ResMusica : La MMC dont vous avez pris la direction fusionnent trois structures parisiennes géographiquement éloignées l'une de l'autre. A-t-elle trouvé un toit aujourd'hui ?

: Pas encore malheureusement ; je suis donc une directrice assez mobile qui travaille dans les anciens locaux de Musique Nouvelle en Liberté, rue du Louvre, et qui essaie de se rendre assez souvent sur le site de la Villette (CDMC) et rue Geoffroy-l'Asnier, dans les bureaux de l'ancienne MFA.

RM : Comment s'est constituée l'équipe qui vous épaule désormais?

EL : Elle compte d'abord les dix salariés des associations historiques, qui, pour l'instant, continuent de travailler dans leurs lieux respectifs. Viennent d'être nommées : Virginie Puff, administratrice de la MMC et Églantine de Boissieu, cheffe du pôle Accompagnement et services aux professionnels. Nous devrions, à terme, former une équipe de quinze salariés.

RM : La MMC, poursuivant les missions de MNL et MFA, a d'abord vocation d'aider financièrement les créateurs dans leur projet compositionnel et discographique. Comment ces aides se concrétisent-elles ?

EL : En ce qui concerne l'aide à la création, nous allons mener une politique de co-commandes avec accompagnement financier pour permettre une meilleure diffusion des œuvres nouvelles et leur offrir la possibilité d'être reprises dans d'autres lieux et devant d'autres publics. Quant aux projets discographiques, ils bénéficieront toujours d'une aide financière qui se recentre, au sein de la MMC, sur la musique contemporaine dite “savante” (écrite ou sur support), le jazz et les musiques du monde étant transférés vers d'autres structures d'accueil.

RM : Étant donné l'actuel état des choses, prévoyez-vous des aides supplémentaires pour les mois et années à venir ?

EL : L'année 2021 s'envisage pour nous comme une année de transition et nous sommes en train de réfléchir à la mise en place de nouveaux dispositifs qui prennent en compte la situation actuelle et qui, nous l'espérons, pourront être effectifs avant l'été.

RM : Depuis l'ouverture de la MMC, une politique de ressources documentaires est menée très activement par l'équipe, en lien avec l'ancien CDMC et le Portail de la musique contemporaine. En quoi consiste-t-elle?

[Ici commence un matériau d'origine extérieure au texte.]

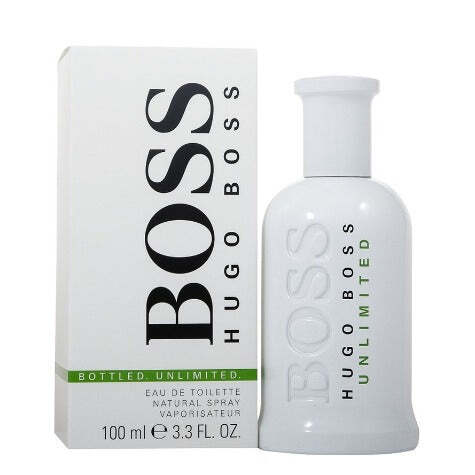 Boss Bottled Unlimited Eau De Toilette W2B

EL : Plusieurs chantiers sont ouverts à ce niveau : nous sommes en train de finaliser notre site où l'on pourra trouver toutes les informations utiles et les modalités de fonctionnement concernant l'activité de la MMC. Nous envisageons d'autre part, à côté du site, la création d'une plateforme collaborative et innovante qui sera accessible aux professionnels comme au public, mettant en commun les ressources numérisées du CDMC, de MFA et MNL, notamment du Grand Prix Lycéen des Compositeurs dont nous avons repris activement la gestion. Nous étudions également la question de savoir si nous serons en mesure d'accueillir le fonds documentaire du CDMC ou s'il faut d'ores et déjà réfléchir à son transfert dans une autre institution.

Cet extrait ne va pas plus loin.